The problem with circular reasoning is that it is simply prejudice. While the method may help identify those species potentially at risk, it cannot tell you objectively if climate change is good, bad or indifferent.  I identified a similar flaw due to ‘cherry-picking’ in the development of the ‘hockey stick’ graphs here, and as with species extinctions, the practitioners appear blissfully unaware of their methods’ lack of objectivity.

Another portrait in subjectivity is former Climate Commissioner Tim Flannery in “Jellyfish they’re taking over” in speculating that anthropogenic global warming has caused the world jellyfish population to explode. While reports of 20 year cycles in jellyfish abundance are outpaced by jellyfish horror stories in the popular press, there is no robust evidence for a global increase in jellyfish, other than the natural cycle.  Subjective impressions from partial population die-outs are often attributed to climate disruption, but then turn out to be natural, or premature — such as the white lemuroid possum extinction, and the polar bear hoax.

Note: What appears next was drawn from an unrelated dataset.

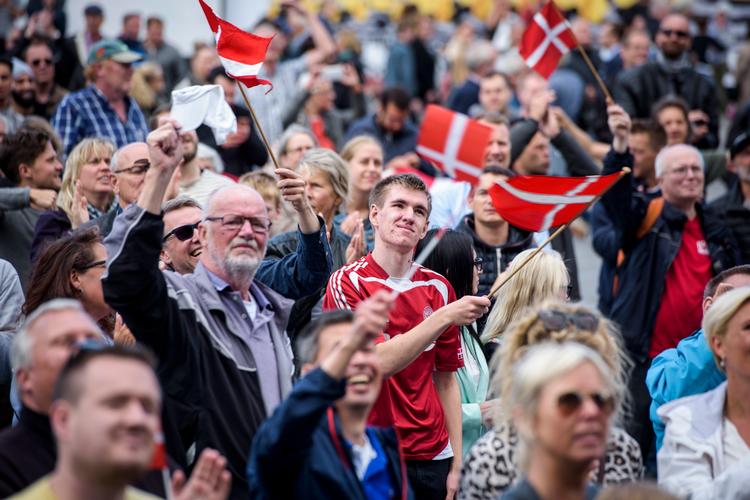 EM-heltene hyldes på Rådhuset FODBOLD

A more objective approach to environmental effects must go beyond the static ‘niche’ concept linking the species and environment, and use more dynamic approaches such as ‘universal neutral theory’ by Hubbard (2011).  One simple example of the application of neutral theory is island populations, where the closer islands to the mainland have more species than the further ones, and ‘niche’ differences between the islands have little to no effect.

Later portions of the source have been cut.